(MENAFN- Jordan Times) AMMAN — Yoga enthusiasts from Jordan, India and several other nationalities on Thursday gathered at the Citadel in Amman to celebrate the Fourth International Day of Yoga with an open-air practice hosted by the embassy of India.
Under the patronage of the Ministry of Tourism, the event attracted an audience of 400 people, including officials, diplomats, representatives of yoga associations and the Jordan-India Friendship Society.
Lina Annab, minister of tourism and special guest of the occasion, thanked Indian Ambassador Shubhdarshini Tripathi for 'making sure we get the chance to celebrate this art and discipline every year', expressing her delight over 'becoming more exposed to yoga, as it comes from a country that Jordanians love: India'.
'More and more people are practising yoga in Jordan and the entire world,' the minister noted, stressing 'if only more people knew about the importance of yoga and what it does to our minds, bodies and souls, we would be a much better society both as individuals and as a whole.'
For her part, Tripathi expressed her joy over celebrating the occasion in 'such an iconic and historical venue as the Amman Citadel', noting 'it is a very calm and serene space surrounded by cacophony, crowds and noises and, yet, it stands tall and elevated in complete harmony with itself and its surroundings.'
'This is exactly what yoga does to you,' the ambassador continued, elaborating on how 'despite the relentless chaos disrupting our daily lives, yoga gives us a reason to be tranquil, composed and in complete harmony with ourselves and what revolves around us.'
Experts and trainers from several yoga institutes based in Amman were also present at the celebration, where they were granted certificates of appreciation by the minister and the ambassador.

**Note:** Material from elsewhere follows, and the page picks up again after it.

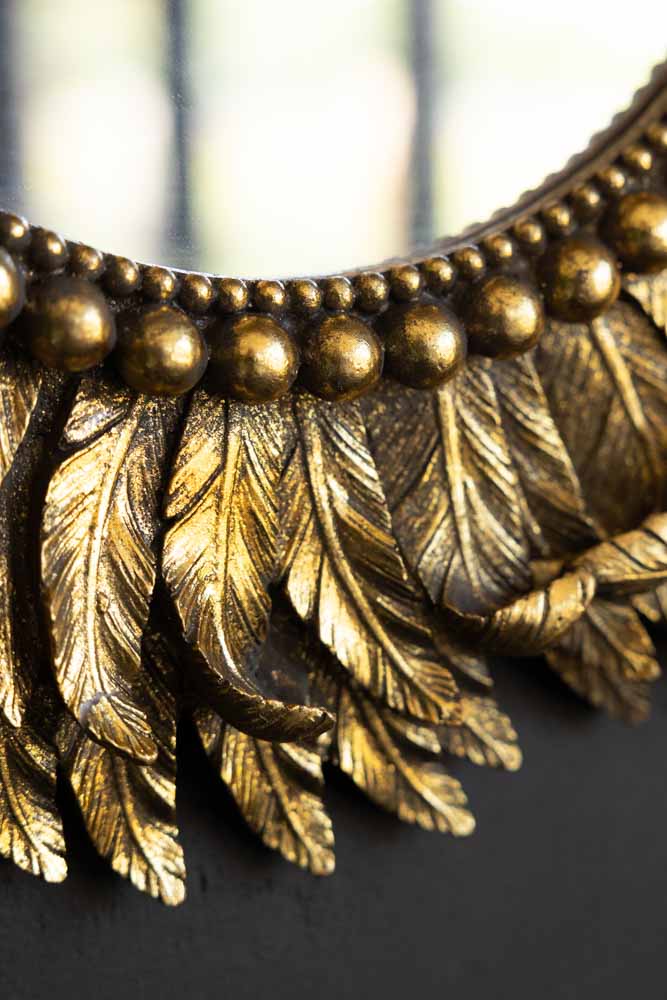 Golden Feather Round Wall Mirror - Image 5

Ghazal Mahmoud, a yoga instructor, echoed the thoughts of Annab on the spread of yoga across the Kingdom over the past years, noting 'more and more yoga studios are opening not only in Amman, but [in] other cities all over Jordan.'
The evening concluded with the recitation of the Shanti Mantras, a series of Hindu prayers for peace generally recited at the beginning and end of religious rituals and discourses in India.